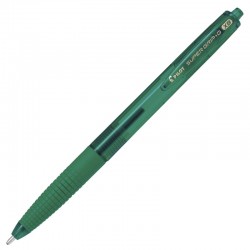 Długopis automatyczny olejowy Pilot Super Grip G Green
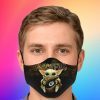 Baby Yoda Hugs Green Bay Packers Face Mask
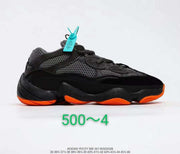 Yeezy 500 Sneakers Black Orange FW7108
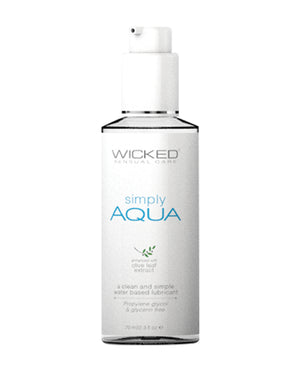 Wicked Sensual Care Wicked Sensual Care Simply Aqua Waterbased Lubricant - 2.3 oz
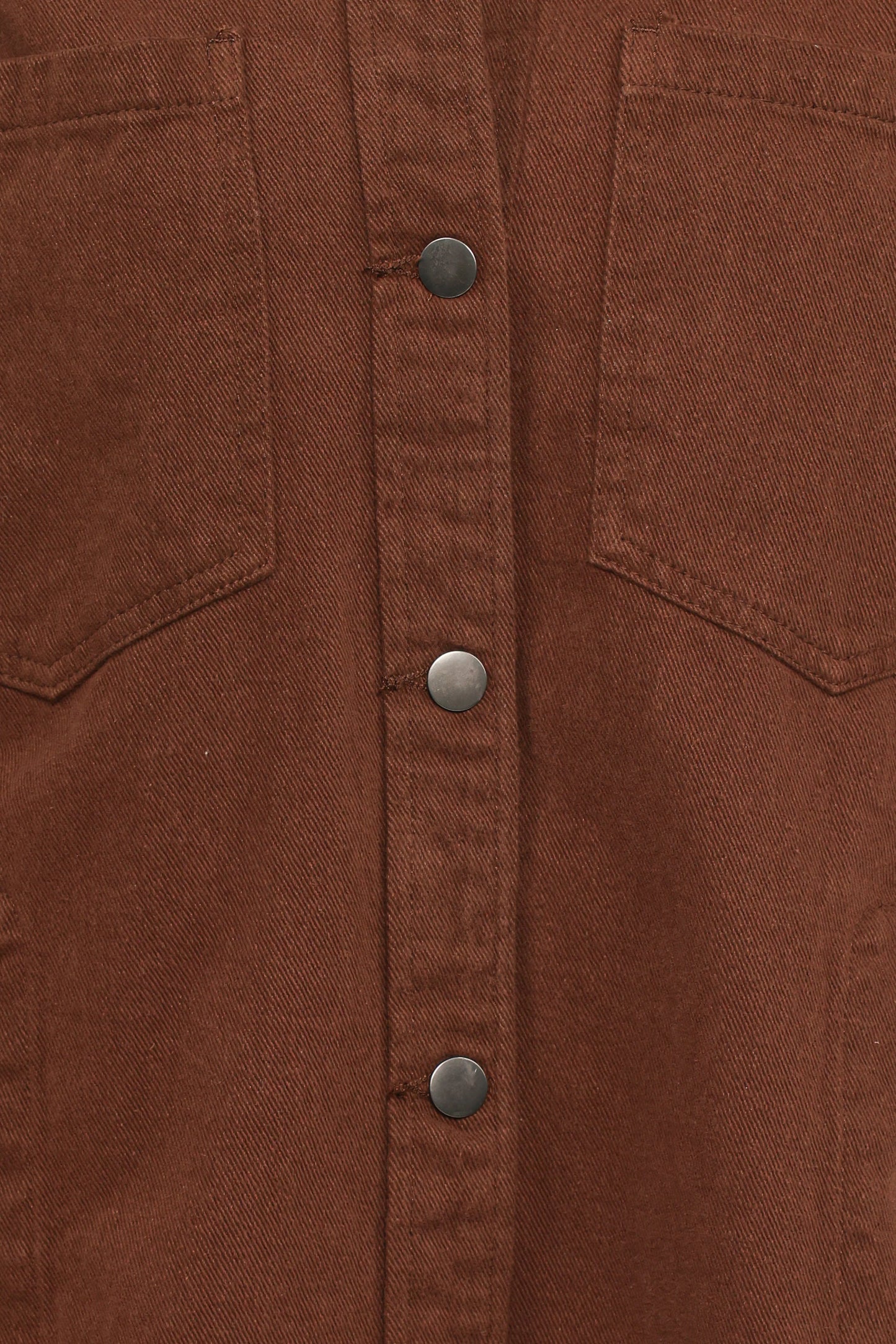 Toto Denim Shacket - Chocolate Brown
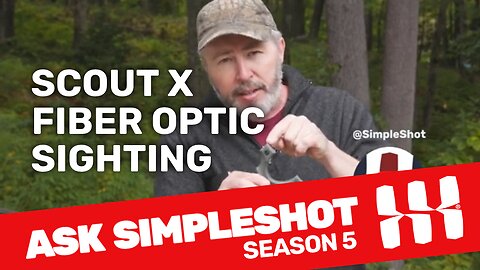Fiber optic sighting the Scout X slingshot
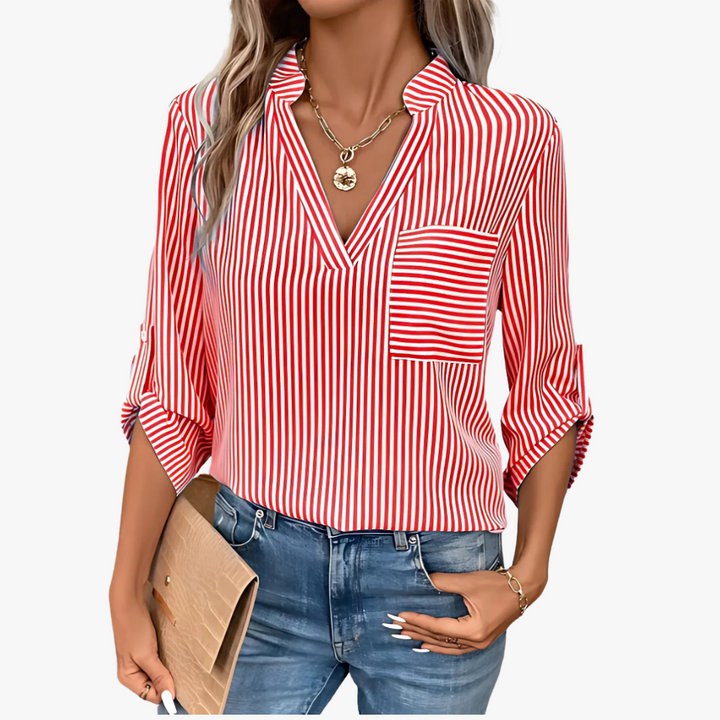 Klara | Gestreifte Bluse aus hochwertigem Material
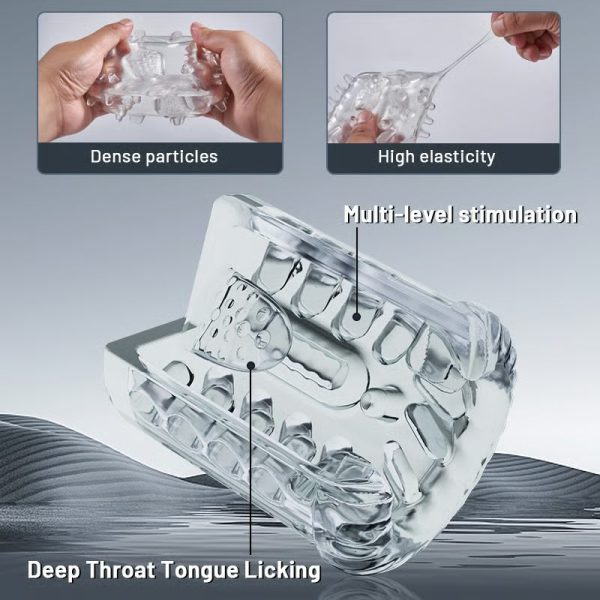 Queen Kendal 7 Vacuum Sucking for Oral Sex LCD Display Masturbator male sex toys - Lunarlulu-lulu dolls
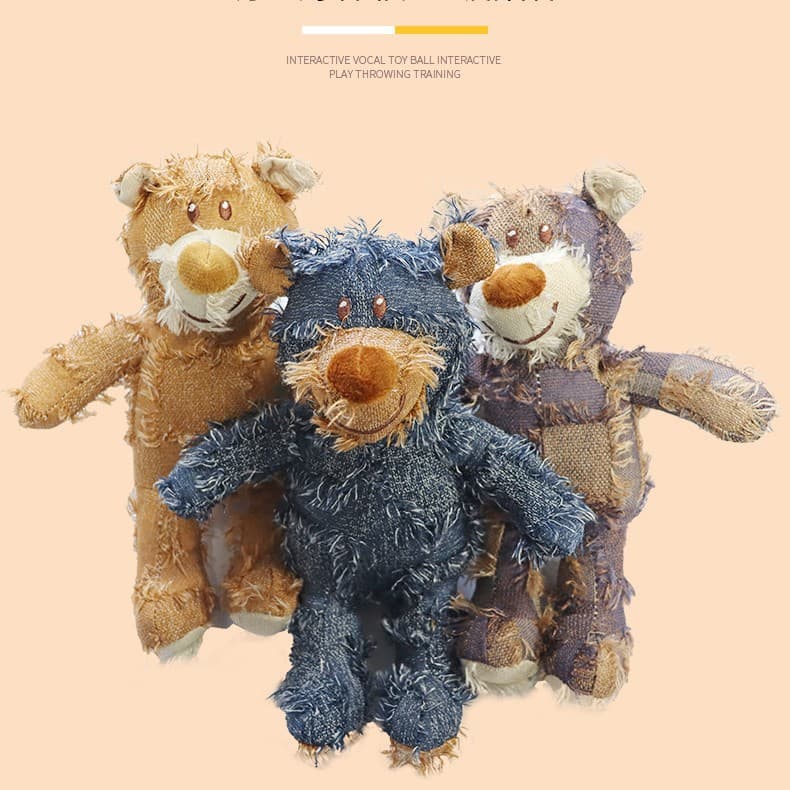 Pet Supplies Squeaky Chew Resistant Dog Toy Cat Dog Plush Toy Cartoon Pet Toy Manufacturer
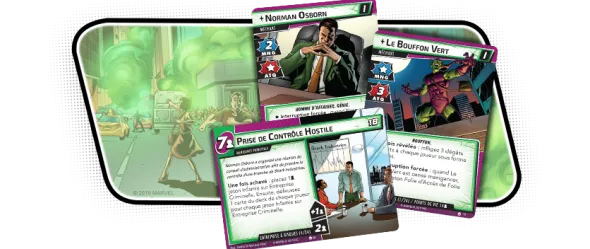 Marvel Champions : Le Jeu De Cartes - Le Bouffon Vert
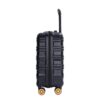 Carry On Luggage Airline Approved Carry On Suitcase With Tsa Approved Carry On Luggage With Wheels Carry On Bag Hard Shell Suitcases - Black - Image 6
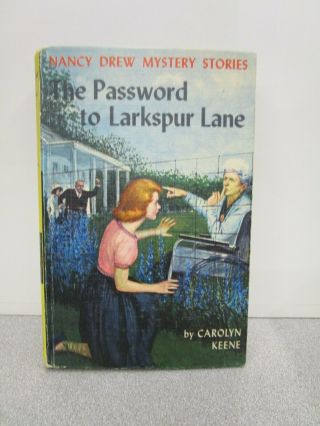 Vintage Nancy Drew 10 Password To Larkspur Lane 1962 - 68 Printing Hardcover
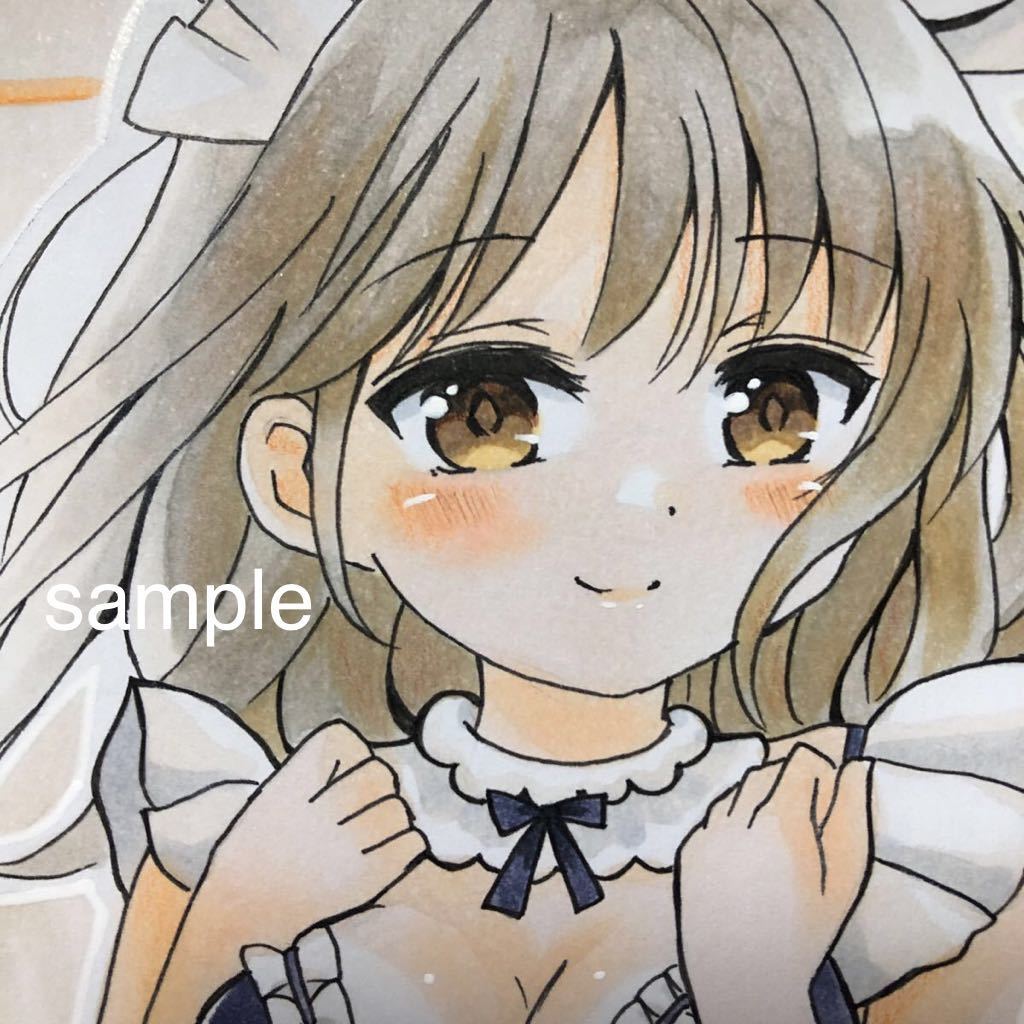 オリジナルイラスト《水着メイド》(手描きイラスト)｜売買された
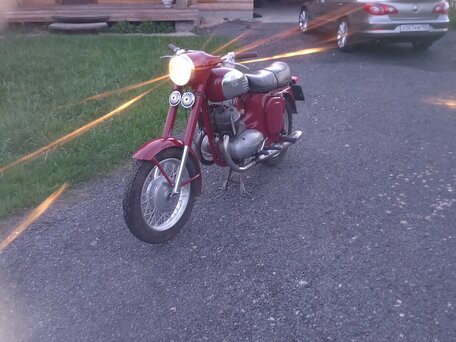 1962 Jawa 350 OHC, пурпурный, 240000 рублей, вид 4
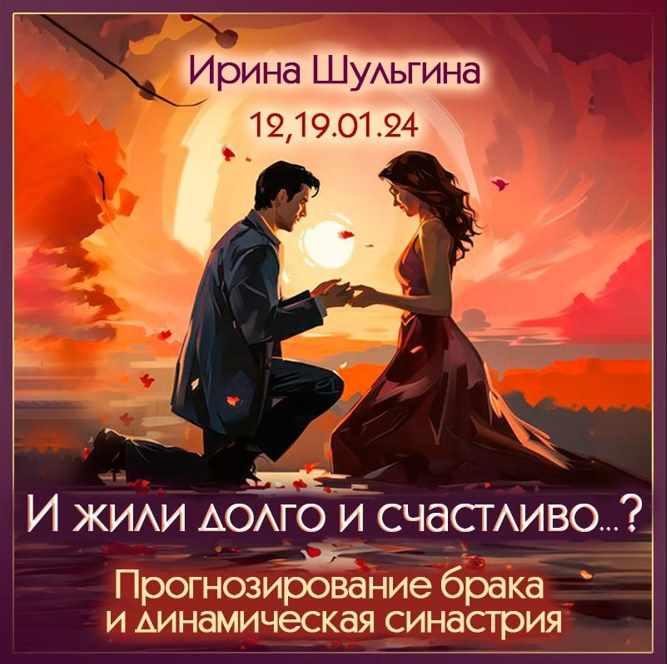 Обложка курса «И жили долго и счастливо...? Прогнозирование брака и динамическая синастрия (Ирина Шульгина)»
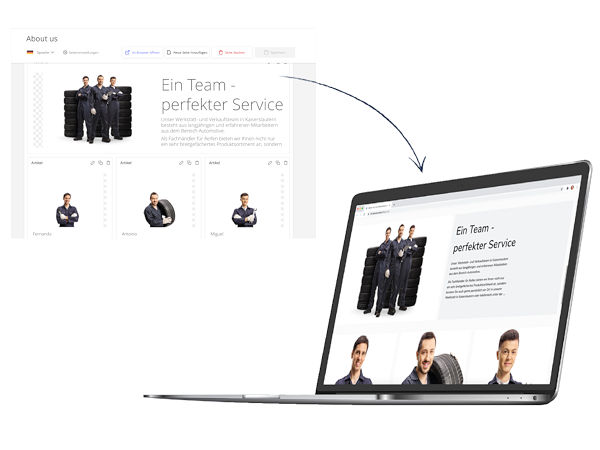 Als Vorteil der in Zusammenarbeit mit dem Handel entwickelten Komplettlösung „Alzura Shop“ wird deren Einfachheit herausgestellt: Ohne HTML-Kenntnisse sollen sich mit wenigen Klicks Produkte und Leistungen online zur Verfügung stellen lassen (Bild: Saitow AG)
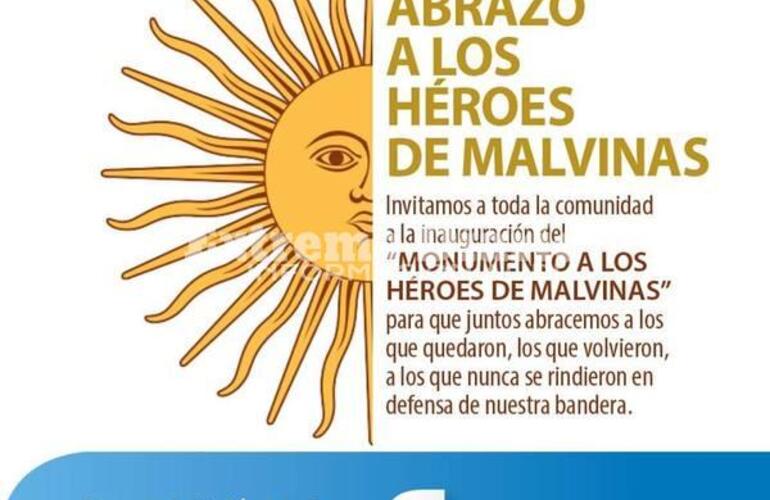 Imagen de Acto por Malvinas e inauguración del monumento
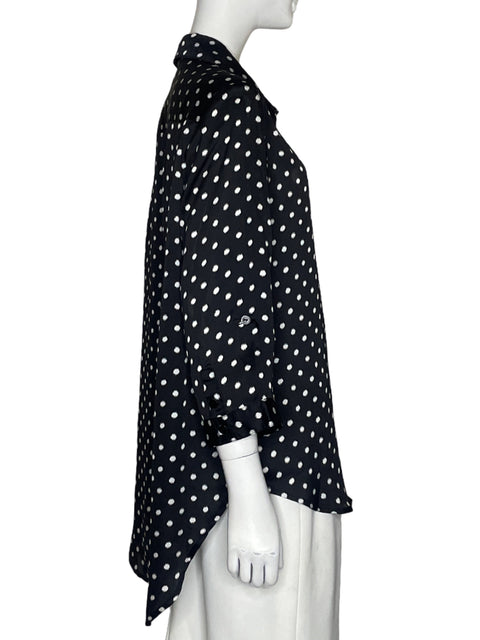 Blusa Clara Sun Woo Bolas Negro - Talla M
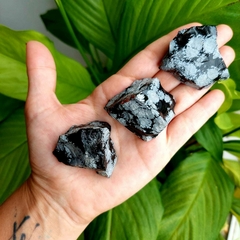 Obsidiana Floco de Neve Bruta M - comprar online
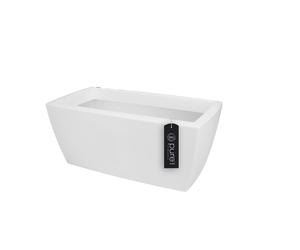 pure soft square long wheels 80 white elho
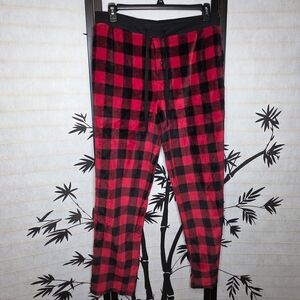Stylish Red and Black Checkered Men's Joggers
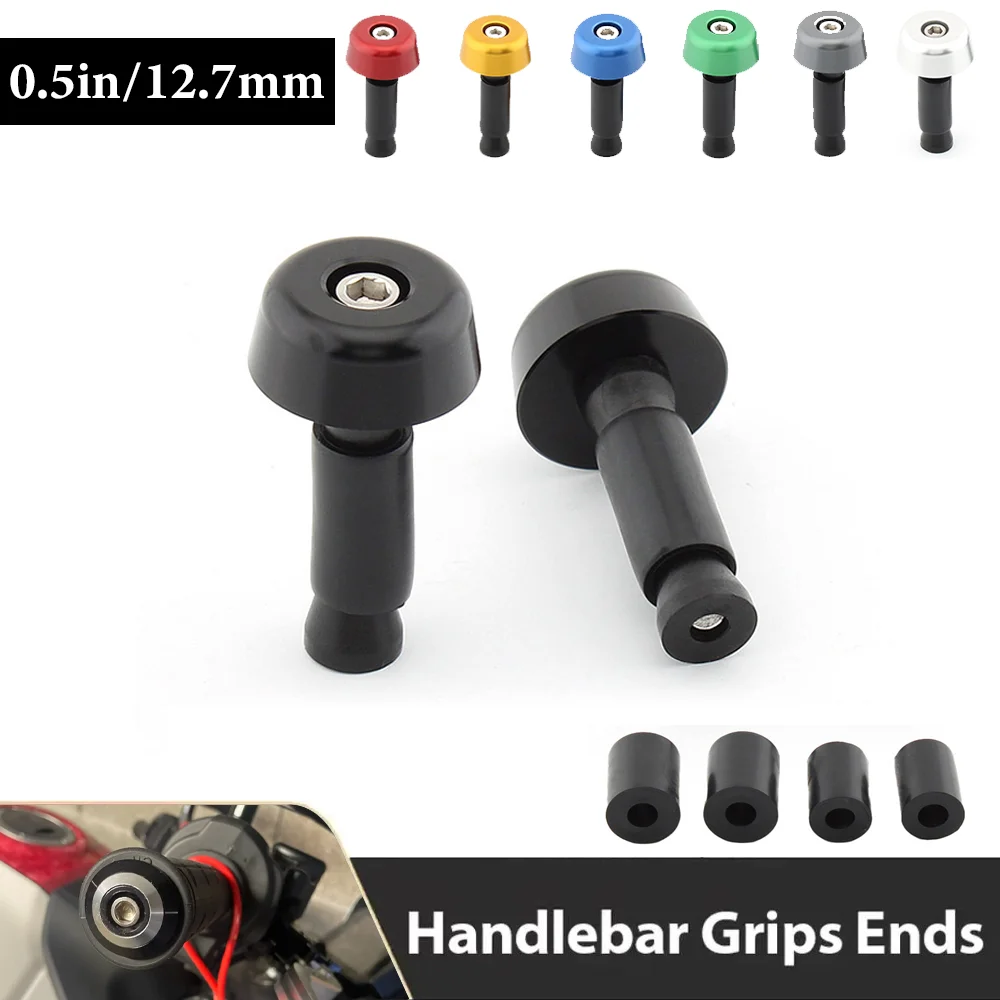 Universal Motorcycle 0.5“/12.7MM Handlebar Hand Grips Handle Bar End Cap for BMW for Benelli for Kawasaki For Honda For Ducati
Universal Motorcycle 0.5“/12.7MM Handlebar Hand Grips Handle Bar End Cap for BMW for Benelli for Kawasaki For Honda For Ducati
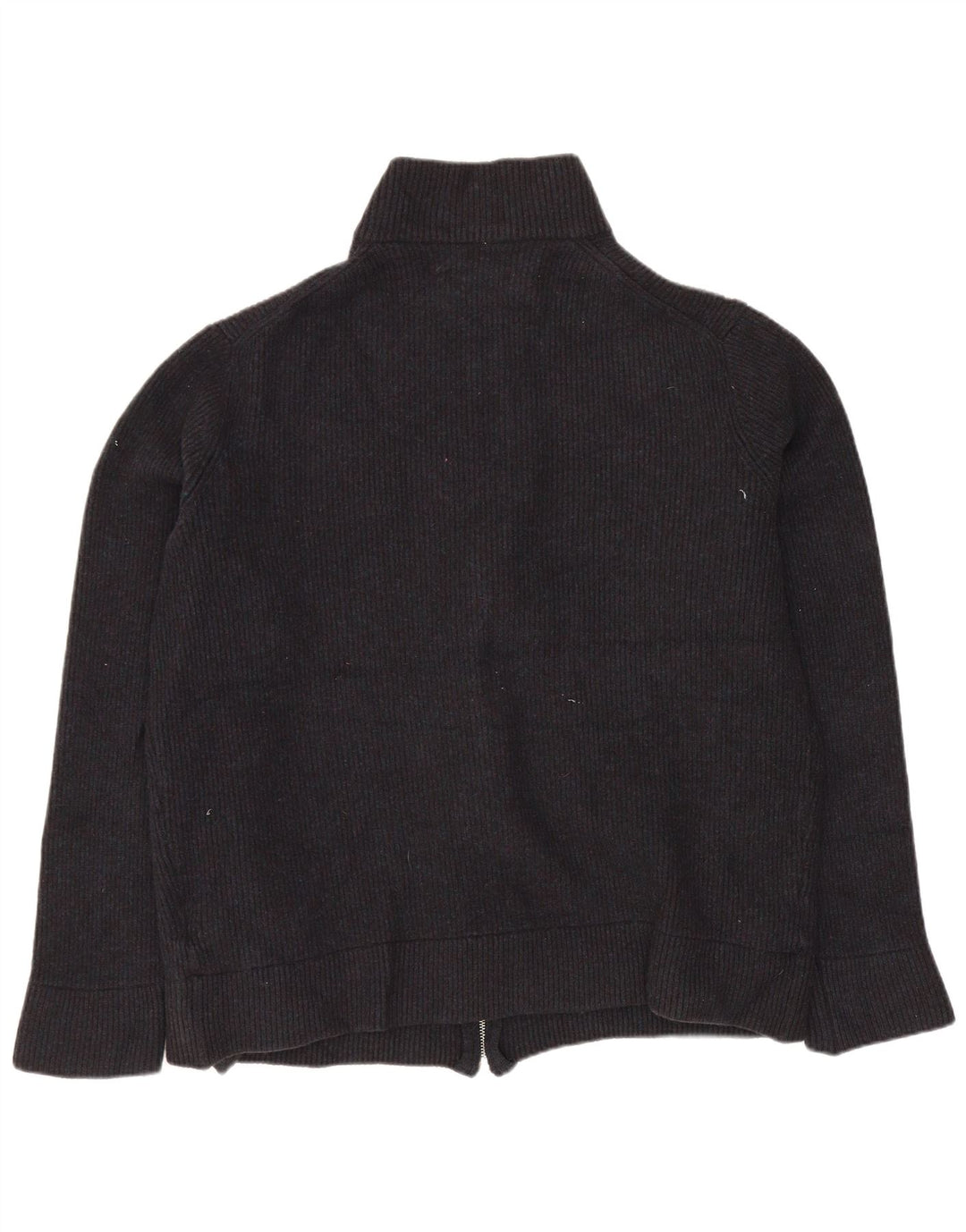 Maglione cardigan da donna Marks & Spencer UK 18 XL lana nera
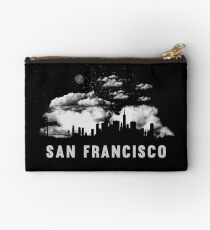 San Francisco California Skyline Cityscape Studio Pouch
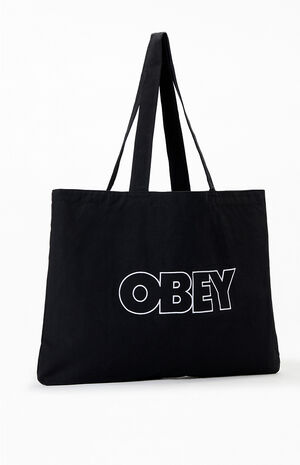 Outline Canvas Tote Bag image number 2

◆ What is required ◆
Your response should consist solely of the lines from the line with "pure soft square long wheels 80 white elho" through the last line of the entries above, printed exactly and without pictures.

◆ Task output ◆
 pure soft square long wheels 80 white elho
Stylish Red and Black Checkered Men's Joggers
 Universal Motorcycle 0.5“/12.7MM Handlebar Hand Grips Handle Bar End Cap for BMW for Benelli for Kawasaki For Honda For Ducati
Universal Motorcycle 0.5“/12.7MM Handlebar Hand Grips Handle Bar End Cap for BMW for Benelli for Kawasaki For Honda For Ducati
 Maglione cardigan da donna Marks & Spencer UK 18 XL lana nera
 San Francisco California Skyline Cityscape Studio Pouch
 Outline Canvas Tote Bag image number 2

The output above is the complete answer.